Updated

Police closed several streets in midtown Manhattan (search) and banned trucks from bridges and tunnels leading to the city's financial district Monday following a government warning that terrorists were planning to strike the city.

Despite the warning's unusual specificity, Mayor Michael Bloomberg (search) urged residents to go about their normal business, much as he has done during prior terror warnings.

"Let me assure all of New York one thing," he said at a press conference Sunday. "We are deploying the full array of protection. We will spare no expense.

"Get up tomorrow, go to work and enjoy the freedom terrorists find so threatening."

The terror warning described possible terrorist attacks against financial institutions in New York City, Washington, D.C., and Newark, N.J., saying a confluence of intelligence over the weekend pointed to a car or truck bomb.

The government named the Citigroup buildings and the New York Stock Exchange in New York, the International Monetary Fund and the World Bank buildings in Washington and the Prudential building in Newark as targets.

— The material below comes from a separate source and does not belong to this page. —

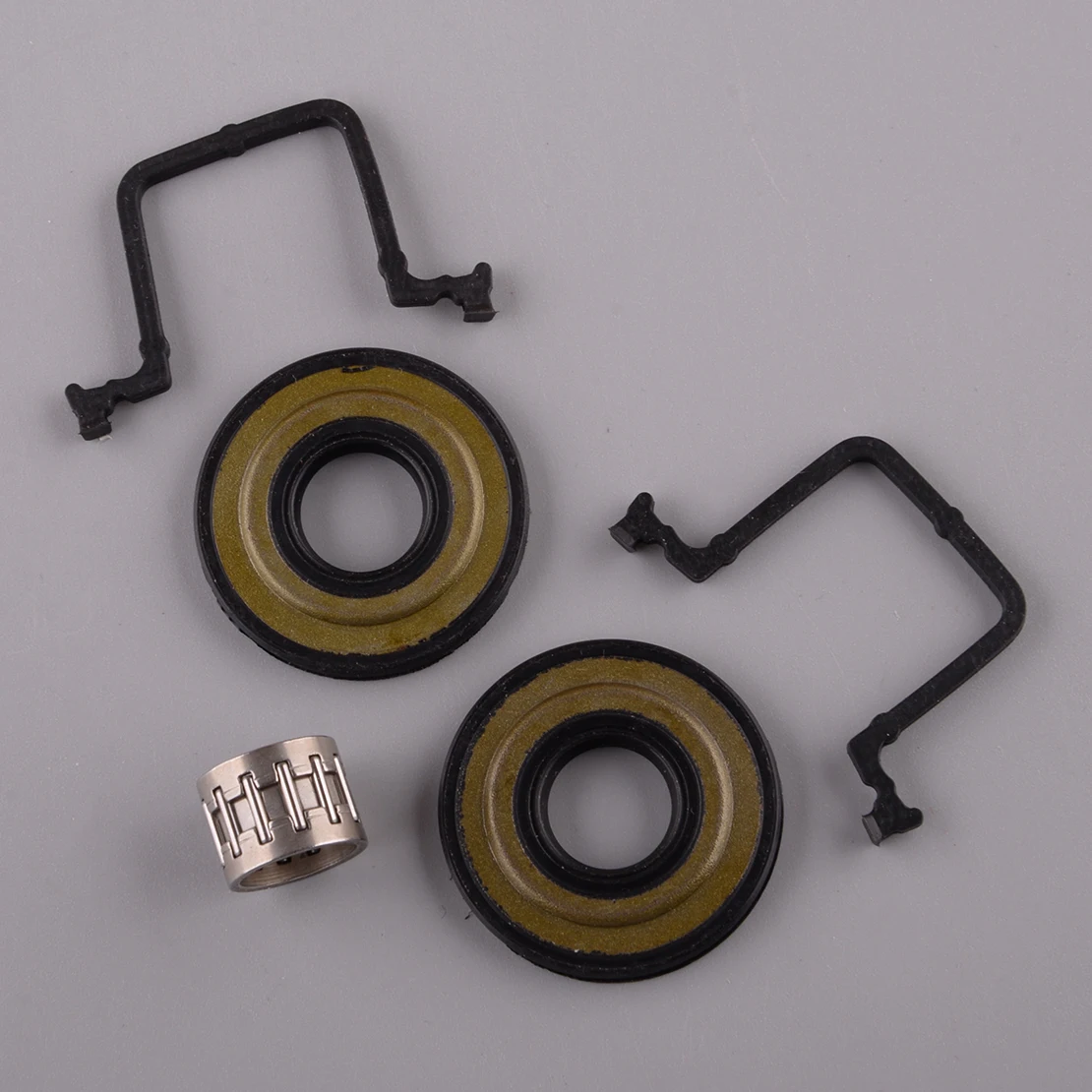 5 шт., прокладки для цилиндров Husqvarna 445E 445II 450E 450II 544109201 бензопила для ранчо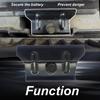 Battery Hold Down Tie Bracket Clamp Car Original Battery Tray Repalcement Replace Part Number 3716022000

Beginning Sunday night, police rerouted all Manhattan-bound trucks from the Williamsburg Bridge to the Manhattan Bridge in an effort to streamline random vehicle searches.

Trucks and vans were also forbidden to enter the city through the Brooklyn Battery Tunnel and the Holland Tunnel (search), which lead to lower Manhattan from Brooklyn and New Jersey, respectively. Trucks were instead diverted to the Lincoln Tunnel (search) and the George Washington Bridge (search) in upper Manhattan, police said.

Police also said they would close streets surrounding Grand Central Station, including Vanderbilt Avenue between 42nd and 45th streets and 43rd and 44th streets between Madison and Vanderbilt avenues.

On Sunday, the 59-story Citigroup Center, which has shops on street level and offices above, closed several internal entrances, allowing only workers to enter, and made the shops accessible only from the streets.

A Citigroup official at the building, the third largest in midtown, refused to discuss security there. A company e-mail to employees said they should expect to see tighter security at all its New York buildings.

Streets around the stock exchange, which has been barricaded since Sept. 11, were lightly trafficked except for police and tourists, typical for a Sunday.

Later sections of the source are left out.